Installing and Maintaining HTCondor-CE

About This Guide

The HTCondor-CE software is a job gateway for an OSG Compute Element (CE). As such, HTCondor-CE is the entry point for jobs coming from the OSG — it handles authorization and delegation of jobs to your local batch system. In OSG today, most CEs accept pilot jobs from a factory, which in turn are able to accept and run end-user jobs.

Use this page to learn how to install, configure, run, test, and troubleshoot HTCondor-CE from the OSG software repositories.

Before Starting

Before starting the installation process, consider the following points (consulting the Reference section below as needed):

  • User IDs: If they do not exist already, the installation will create the Linux users condor (UID 4716) and gratia (UID 42401)
  • Service certificate: The HTCondor-CE service uses a host certificate at /etc/grid-security/hostcert.pem and an accompanying key at /etc/grid-security/hostkey.pem
  • Network ports: The pilot factories must be able to contact your HTCondor-CE service on ports 9619 and 9620 for condor versions < 8.3.2 (TCP)
  • Host choice: HTCondor-CE should be installed on a host that already has the ability to submit jobs into your local cluster

As with all OSG software installations, there are some one-time (per host) steps to prepare in advance:

Installing HTCondor-CE

An HTCondor-CE installation consists of the job gateway (i.e., the HTCondor-CE job router) and other support software (e.g., GridFTP, a Gratia probe, authorization software).
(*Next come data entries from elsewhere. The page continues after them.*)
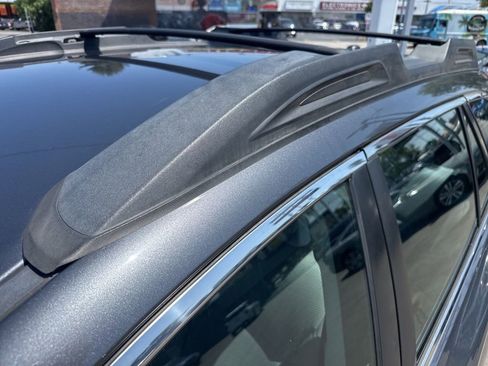 Used 2019 Subaru Outback 2.5i AWD/4WD image 8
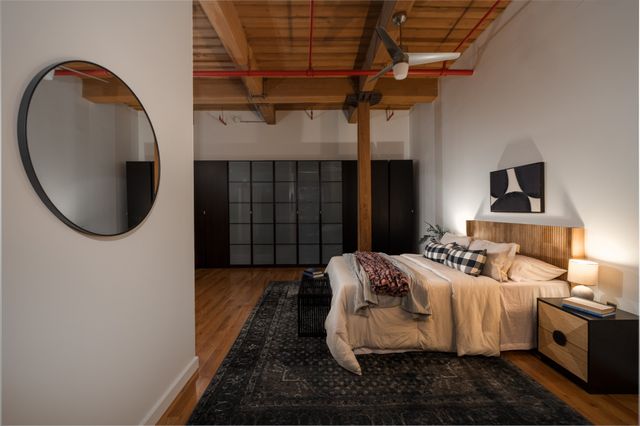 1400 Rosa L Parks Blvd Apt 333, Nashville, TN 37208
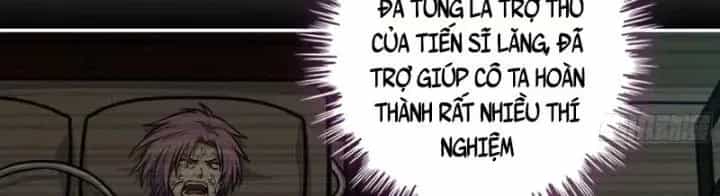 Tôi Chuyển Vàng Tại Mạt Thế - Chương 450 - ảnh 91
To simplify installation, OSG provides convenience RPMs that install all required software with a single command.

  1. Clean yum cache:

    [root@client ~]$ yum clean all --enablerepo=*
  2. Update software:

    [root@client ~]$ yum update

    This command will update all packages on your system.
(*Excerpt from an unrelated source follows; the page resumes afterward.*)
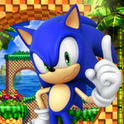 GSM-Android - Sonic 4 Episode I.png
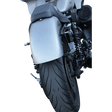 RUSS WERNIMONT DESIGNS FENDER RR 8.5" 06 - 17 DYNA (EXC FXDF MODELS) - Driven Powersports Inc.RWD - 50227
  3. If your batch system is already installed via non-RPM means and is in the following list, install the appropriate 'empty' RPM. Otherwise, skip to the next step.
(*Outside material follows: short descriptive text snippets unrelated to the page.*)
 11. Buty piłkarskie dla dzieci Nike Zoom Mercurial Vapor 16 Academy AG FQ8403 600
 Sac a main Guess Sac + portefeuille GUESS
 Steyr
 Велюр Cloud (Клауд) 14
    If your batch system is… Then run the following command…
    HTCondor yum install empty-condor --enablerepo=osg-empty
    PBS yum install empty-torque --enablerepo=osg-empty
    SGE yum install empty-gridengine --enablerepo=osg-empty
    SLURM yum install empty-slurm --enablerepo=osg-empty
  4. If your HTCondor batch system is already installed via non-OSG RPM means, add the line below to /etc/yum.repos.d/osg.repo. Otherwise, skip to the next step.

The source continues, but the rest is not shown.